The set of all possible combinations of inputs i.e., Labor (L) and Capital (K) giving the same maximum possible level of output is known as Isoquant. So the isoquant curve on graph shows all the set of combinations of inputs which would lead to the same maximum possible output thus making the firm indifferent among those combinations of input as those combinations yield same or equal maximum output. 

Let us take an example for the same.


Let us consider a given level of maximum output or production that the firm aims to produce is 20 units. Now there are three possible combinations of inputs i.e., Labor (L) and Capital (K) giving the same maximum possible level of output of 20 units. They are (4L, 1K), (2L, 2K), and (1L, 4K). As these possible combinations of inputs i.e., Labor (L) and Capital (K) given the same maximum possible output, these sets or combinations of L and K would lie on the same Isoquant curve and would all represent the maximum possible output of 20 units assuming the maximum efficiency level.


The above graph summarizes the whole concept of the Isoquant. The X axis shows the Labor uses and Y axis shows the amount of Capital used. Now for different combination of inputs i.e., Labor (L) and Capital (K), there are different level of outputs. The level of outputs is represented by different Isoquant Curves namely q1, q2 and q3. If we see the first Isoquant, the two combinations of inputs i.e., (L1, K2) and (L2, K1), give the same level of maximum possible output, hence represented on the same Isoquant curve.

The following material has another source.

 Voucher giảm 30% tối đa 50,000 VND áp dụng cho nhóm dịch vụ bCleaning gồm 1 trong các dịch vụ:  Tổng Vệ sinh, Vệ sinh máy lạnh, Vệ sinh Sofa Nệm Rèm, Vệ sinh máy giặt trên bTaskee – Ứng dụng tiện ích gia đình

Now, as we know the production function is represented as q = f (L, K) i.e., the production is a function of Labor and Capital and if one of them at least increases, the other remaining the same or increases too, the maximum level of possible output increases too.

Similar thing can be seen in the above graph too. From the combination of input (L2, K1), if we increase the labor from L2 to L3, keeping the amount of Capital fixed at K1, we get new input combination i.e., (L3, K1) and the output increases to q=2 i.e., on a higher isoquant curve.

Why the Isoquant Curve is negatively sloped?

When the output can be increased by increasing a single input only keeping other input quantities constant, i.e., the marginal product is positive, to keep the output level same even after increasing one input, the second input needs to be curtailed. Hence the slope of the Isoquant curve is negative.

For example, in the input set (L1, K2), if labor is increased to L2, but if we want to continue with same output level, the other input K2 needs to be decreased to K1 i.e., new input set after increase in labor to keep the output level same needs to be (L2, K1).

Conclusion 

In this session, we discussed in detail the concept of behavior of a Firm. We discussed all the concepts related to firm, including the production function. And finally, we dwelled into the concept of Isoquants and Isoquant curves in detail.